There he is, Philip Seymour Hoffman, brought back to life like a cinematic Lazarus for the span of a too-short two hours. This isn’t to say that “A Most Wanted Man” is too short a film; on the contrary, this rote, even inert adaptation of the John Le Carre novel is plenty lengthy enough. But I’d sit in the auditorium all day to see Hoffman reading the proverbial phone book if it meant prolonging his photographic presence just a little bit longer.
And this, his final starring role, is another vivid showcase for his talent. He plays Gunther Bachmann, an anti-terrorism operative with a checkered past, who has been “demoted” to a post-9-11 job tracking potential jihadis in Hamburg, Germany. His gut protrudes, his eyes are inquisitive but exhausted, his hair is disheveled. He exhibits a rumpled intelligence a la Peter Falk. He’s at home in the seediest bars in Germany, calling himself a “cave dweller,” and he suffers bad, outsize habits for alcohol and cigarettes. He hides reservoirs of tenderness beneath a gruff exterior.
He is utterly this character, but he’s also Hoffman in his last days, life mirroring art and vice versa. He plays a spook, and the actor himself is now a ghost. When he’s onscreen, and even when he isn’t, it’s hard to think about anything else. We just want to savor every last moment, psychoanalyze every line of dialogue for double meanings that suggest the demons underneath the drama. Even if Philip Seymour Hoffman was still with us, he’d be the only reason to see this movie; but as a postmortem reminder, “A Most Wanted Man” is unintentionally heartbreaking and essential for admirers of his craft.
Our interviews with Philip Seymour Hoffman, Willem Dafoe, Rachel McAdams and director Anton Corbijn at the Sundance Film Festival
At the resist of getting all handkerchief-y, there is a film here to review, and it’s an otherwise minor one, a passable, plotty example of second-tier Le Carre.
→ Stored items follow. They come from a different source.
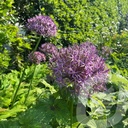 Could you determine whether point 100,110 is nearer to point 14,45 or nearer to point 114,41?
point 14,45

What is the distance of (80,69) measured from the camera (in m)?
1.96

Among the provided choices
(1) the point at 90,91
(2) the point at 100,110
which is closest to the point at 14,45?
(2) the point at 100,110

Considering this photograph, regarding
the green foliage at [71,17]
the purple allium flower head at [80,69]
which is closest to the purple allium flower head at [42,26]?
the purple allium flower head at [80,69]

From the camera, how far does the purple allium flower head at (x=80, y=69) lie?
6.44 ft

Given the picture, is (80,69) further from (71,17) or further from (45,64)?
(71,17)

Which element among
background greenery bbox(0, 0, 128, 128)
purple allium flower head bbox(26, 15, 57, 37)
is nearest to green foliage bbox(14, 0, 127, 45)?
background greenery bbox(0, 0, 128, 128)

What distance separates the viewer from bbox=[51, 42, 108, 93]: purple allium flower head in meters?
1.96

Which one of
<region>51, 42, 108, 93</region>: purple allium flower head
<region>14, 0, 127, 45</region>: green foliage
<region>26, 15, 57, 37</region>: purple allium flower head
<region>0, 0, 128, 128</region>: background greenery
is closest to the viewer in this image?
<region>51, 42, 108, 93</region>: purple allium flower head

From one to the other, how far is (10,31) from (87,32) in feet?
9.45

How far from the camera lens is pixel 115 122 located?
101 inches

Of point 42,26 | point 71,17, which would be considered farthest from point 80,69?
point 71,17

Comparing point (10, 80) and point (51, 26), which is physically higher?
point (51, 26)

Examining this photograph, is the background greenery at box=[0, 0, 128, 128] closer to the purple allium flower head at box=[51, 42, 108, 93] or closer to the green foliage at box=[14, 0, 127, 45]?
the green foliage at box=[14, 0, 127, 45]

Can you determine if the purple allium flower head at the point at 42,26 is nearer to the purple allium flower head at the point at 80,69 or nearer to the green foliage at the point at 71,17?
the purple allium flower head at the point at 80,69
Gunther and his team are following the travels of Issa Karpov (Grigoriy Dobrygin), a mysterious half-Russian, half-Chechan potential jihadi who has illegally immigrated to Hamburg. Karpov has come into contact with Annabel Richter (Rachel McAdams), a human-rights attorney helping him seek asylum. She learns that he is set to inherit a fortune from his late terrorist father, which is kept under the auspices of a German banker (Willem Dafoe). Gunther and his colleagues, by forcing the assistance of Annabel, are hoping to lure Karpov, a small fry in organized terrorism, to a larger, money-laundering fish named Abdullah (Homayoun Ershadi).
Screenwriter Andrew Bovell writes with the same expository, quippy punch of an airport thriller; I didn’t know it was based on a Le Carre book going in, but its source material will surprise no one. Dutch director Anton Corbijn, a renowned music-video auteur, brings a handsome banality to these familiar machinations of foreign intrigue, overusing his shaky-cam and flooding the overcast ambiance with gravitas even when it’s uncalled for: The story just isn’t as interesting as the filmmakers, and Herbert Gronemeyer’s heightened score, tells us it is. Most of this is a conventional spy game elevated to grandiose levels of global importance.
“A Most Wanted Man” is far from an essential Hoffman experience; it’s not “Capote” or “Charlie Wilson’s War” or “Almost Famous” (I could go on and on). But as a final send-off to a legend who burned out far too quickly, it’s well worth your time.